| Instructions for the task |
Make an exact copy, without pictures, of the lines below from the one containing "Photo of Bedroom in St. Robert" to the last line, both ends included.

Stored records:
------------------------------------------------------------------------

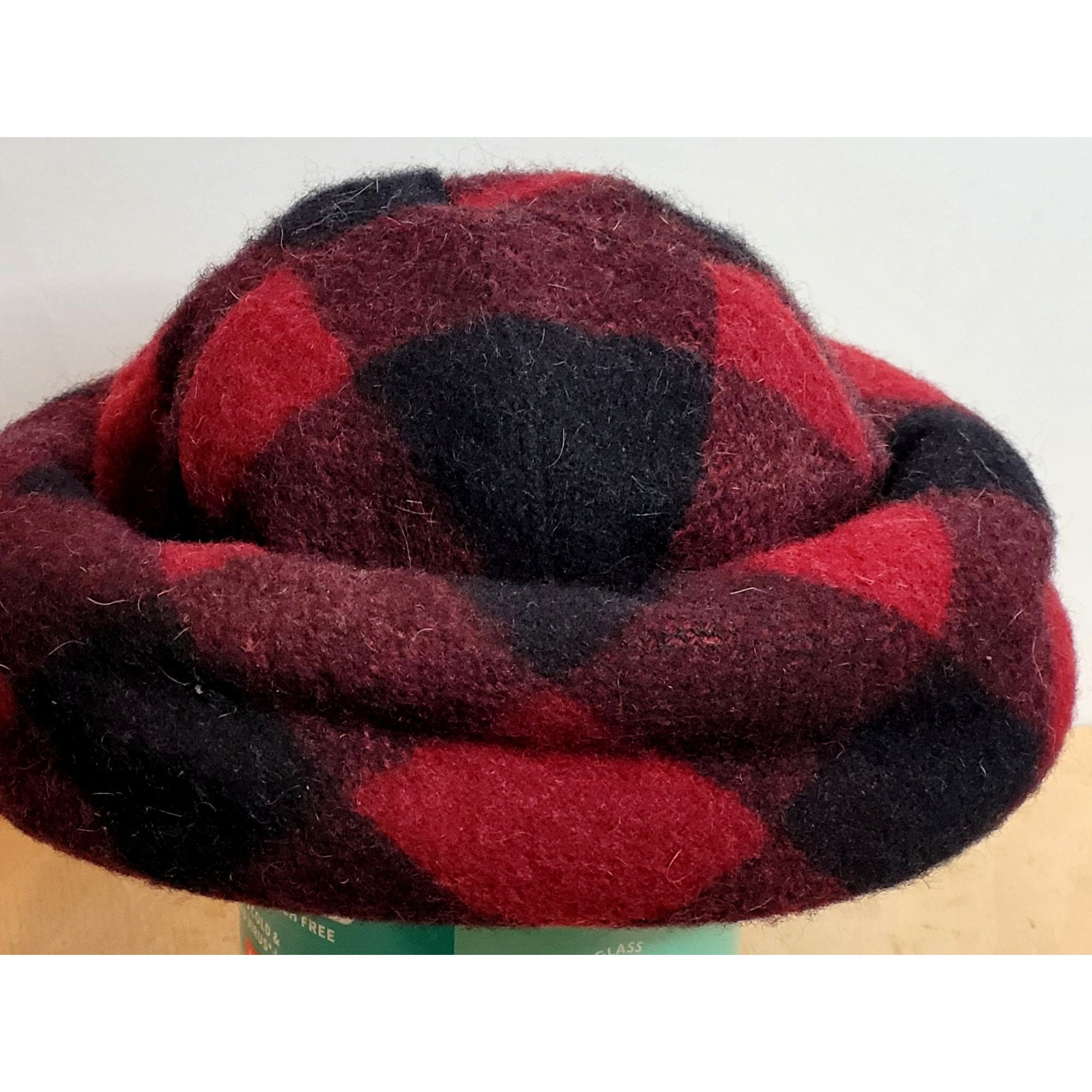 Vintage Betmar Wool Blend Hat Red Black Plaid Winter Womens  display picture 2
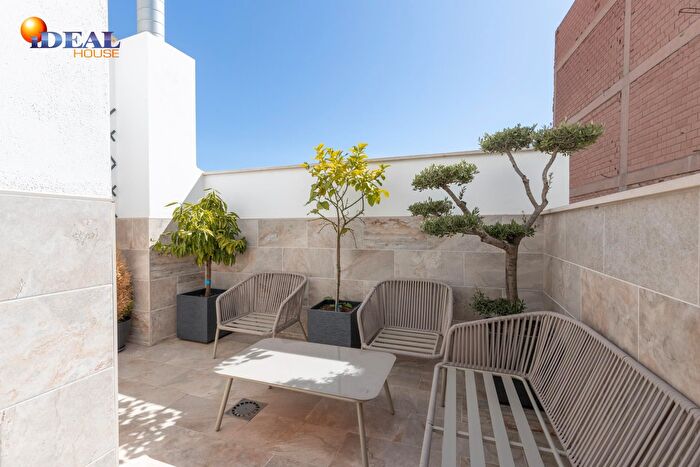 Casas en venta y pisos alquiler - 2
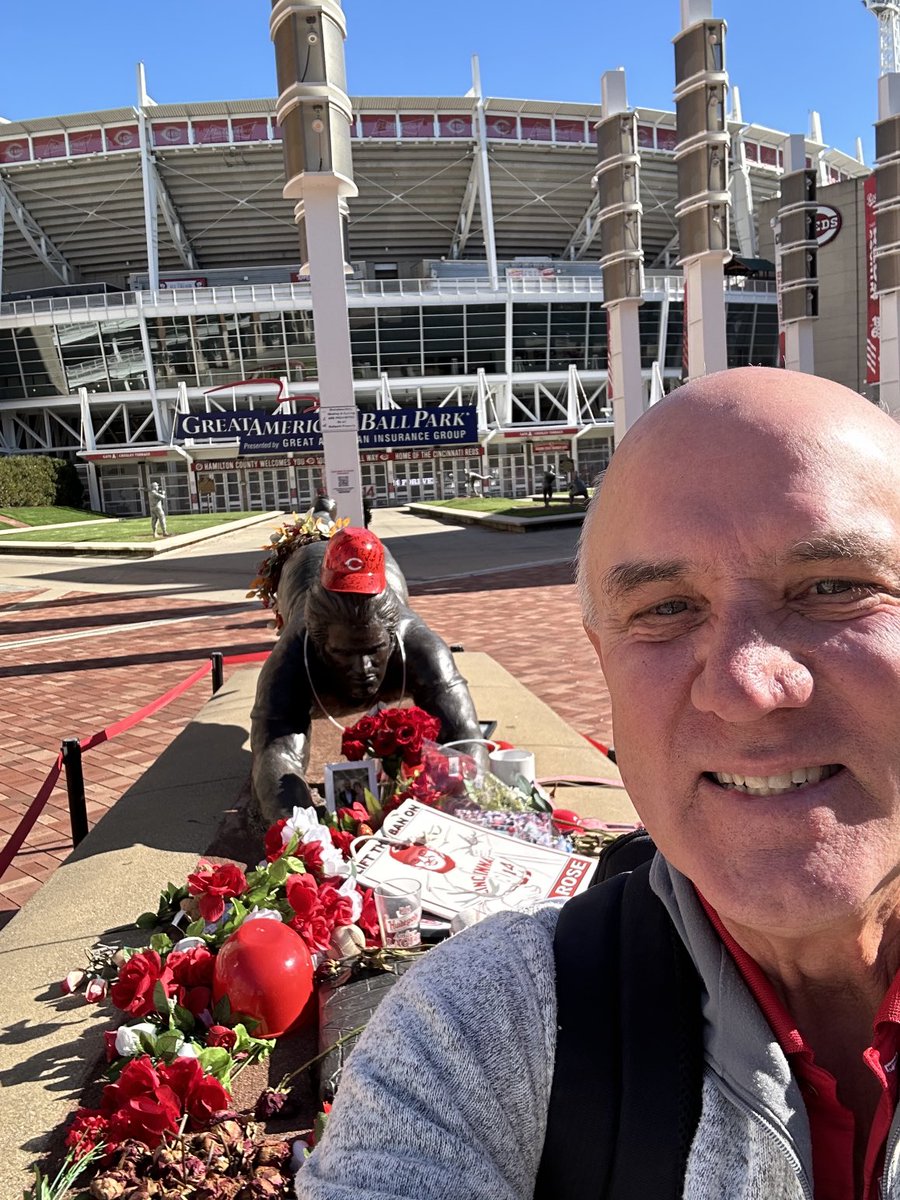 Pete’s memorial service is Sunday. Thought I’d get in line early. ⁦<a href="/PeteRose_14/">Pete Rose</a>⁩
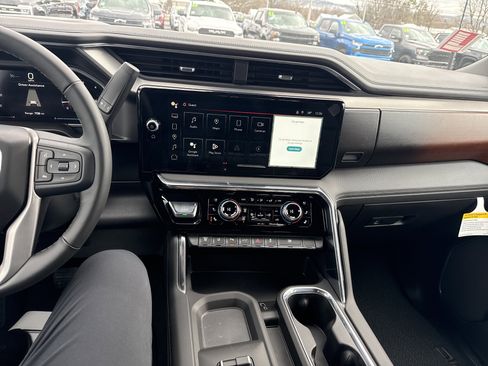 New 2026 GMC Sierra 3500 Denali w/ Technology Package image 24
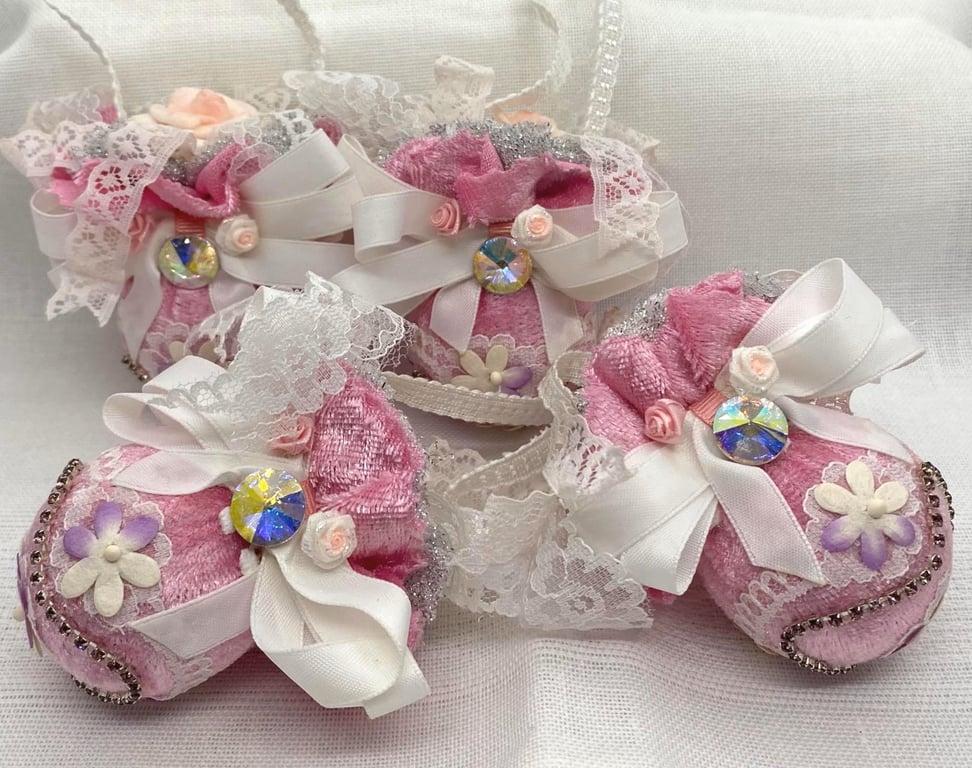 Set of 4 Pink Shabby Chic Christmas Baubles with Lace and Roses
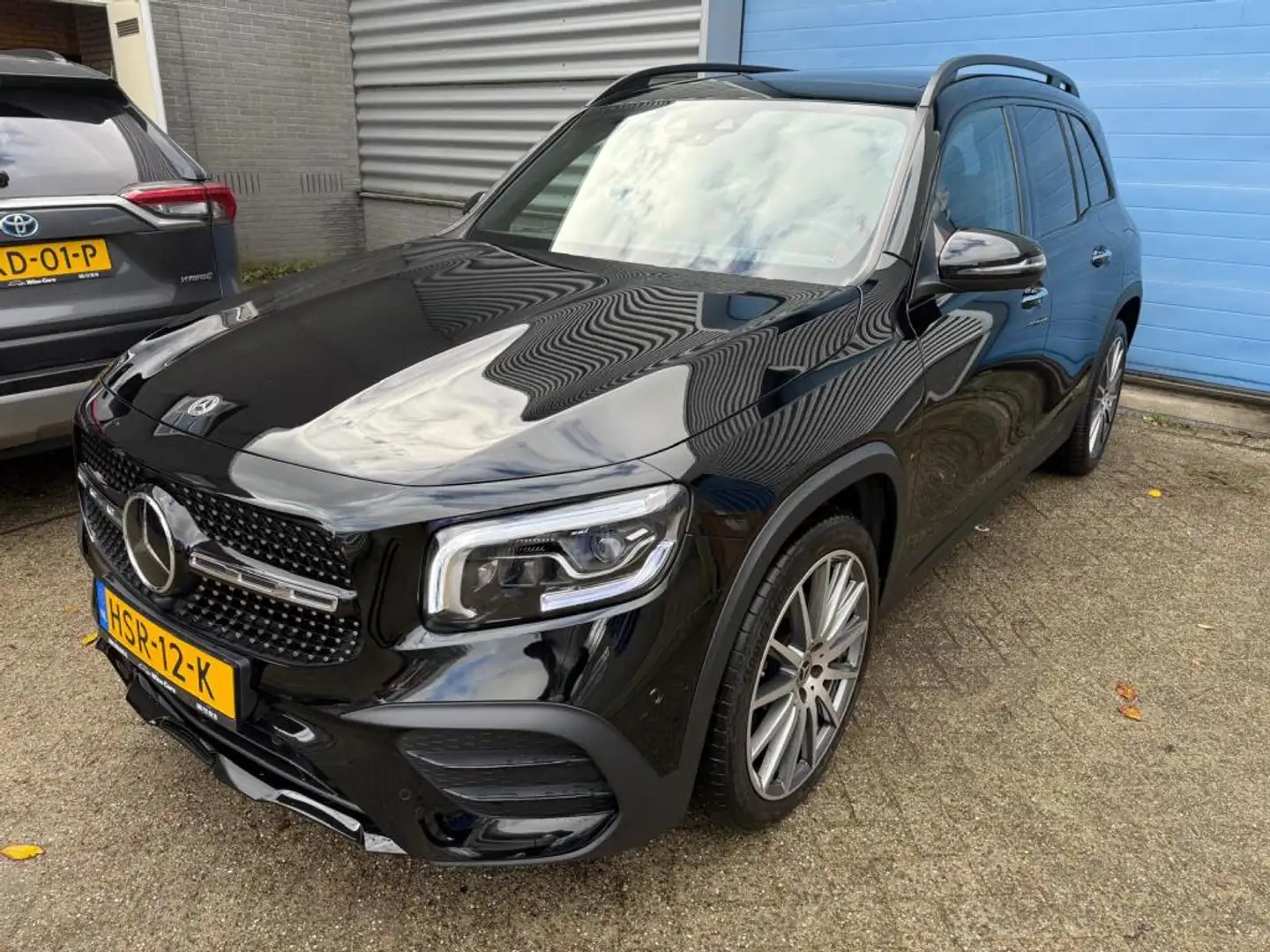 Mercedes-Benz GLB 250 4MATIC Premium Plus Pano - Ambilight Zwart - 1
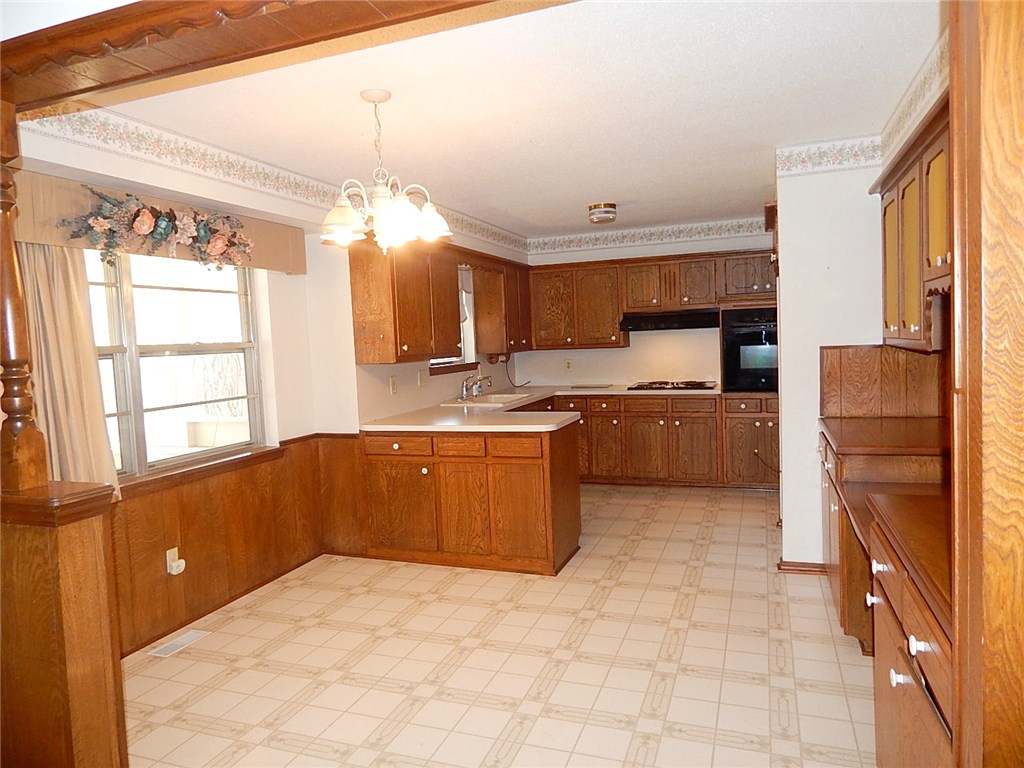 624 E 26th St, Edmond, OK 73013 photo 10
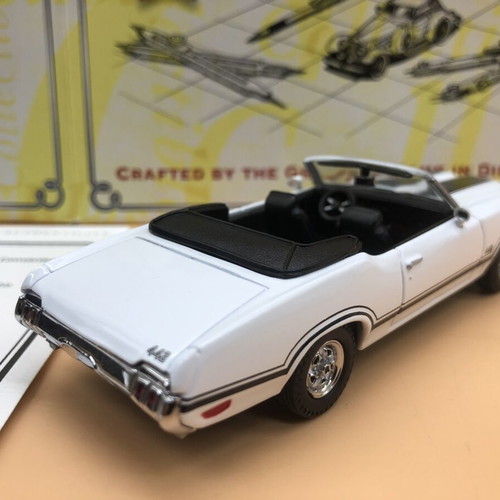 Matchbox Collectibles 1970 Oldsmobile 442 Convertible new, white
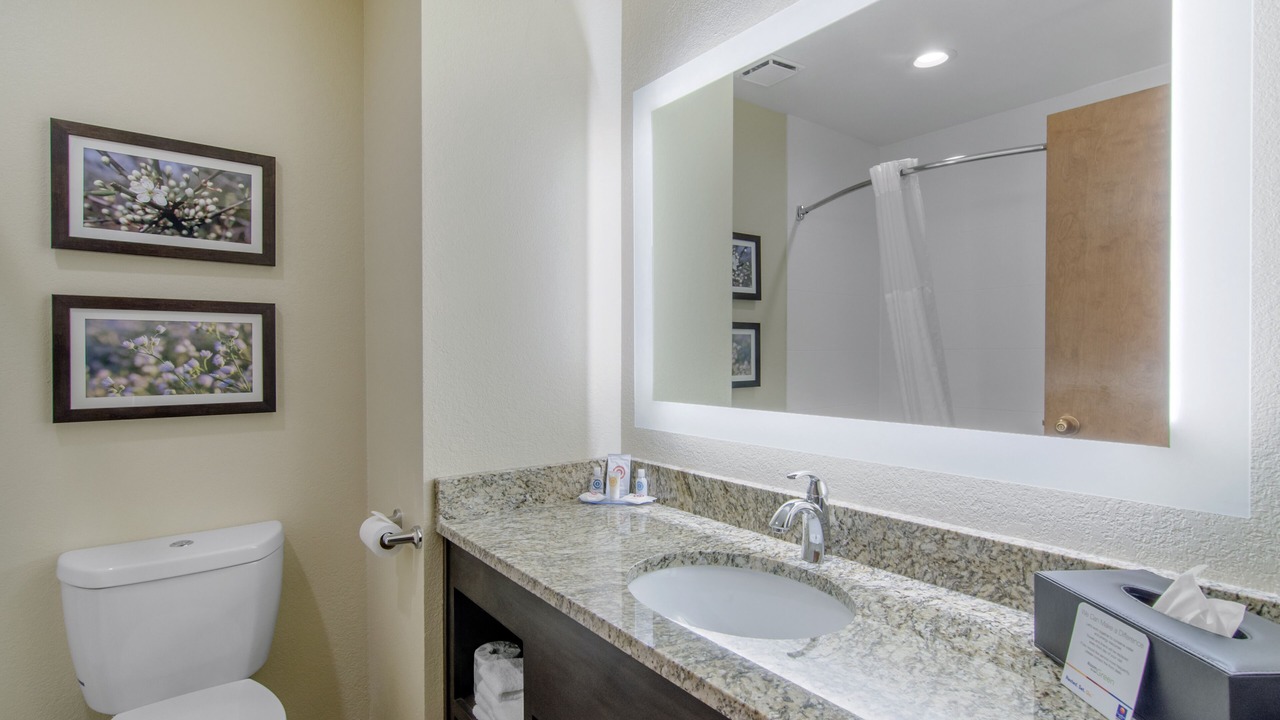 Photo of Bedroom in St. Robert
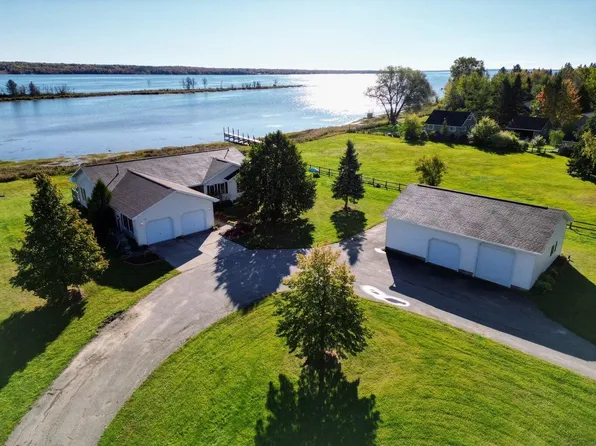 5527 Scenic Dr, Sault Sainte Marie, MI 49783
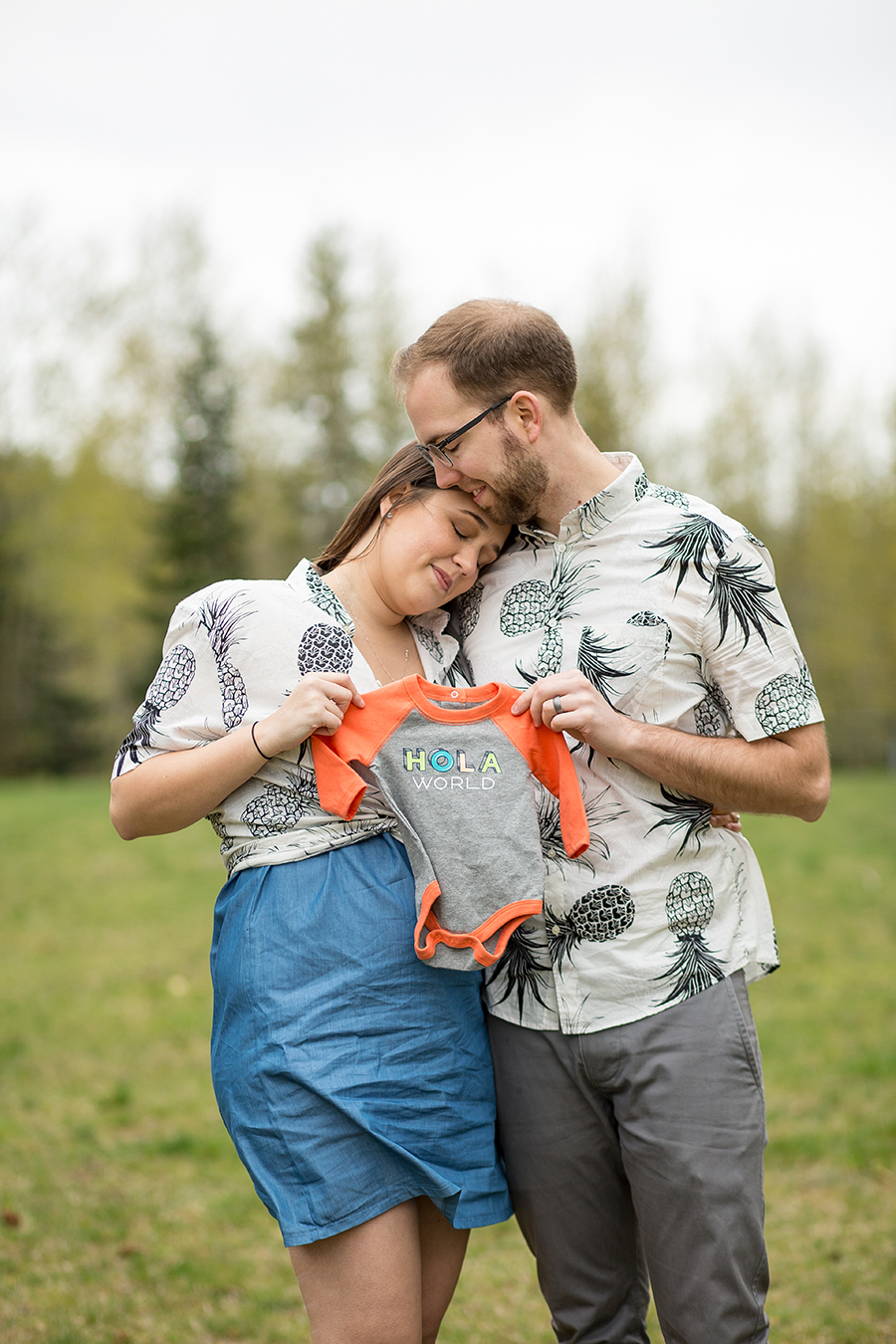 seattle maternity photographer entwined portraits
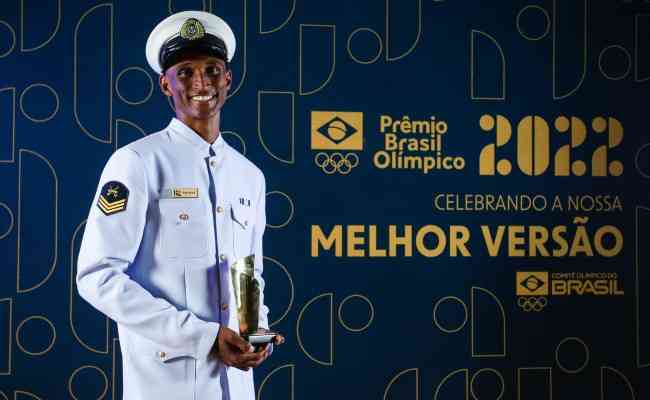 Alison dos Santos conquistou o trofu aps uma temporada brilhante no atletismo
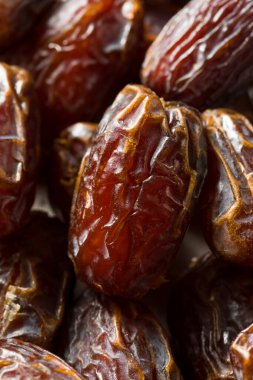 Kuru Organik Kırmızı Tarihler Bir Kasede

------------------------------------------------------------------------

| Answer space |
 Photo of Bedroom in St. Robert
 5527 Scenic Dr, Sault Sainte Marie, MI 49783
 seattle maternity photographer entwined portraits
 Alison dos Santos conquistou o trofu aps uma temporada brilhante no atletismo
 Kuru Organik Kırmızı Tarihler Bir Kasede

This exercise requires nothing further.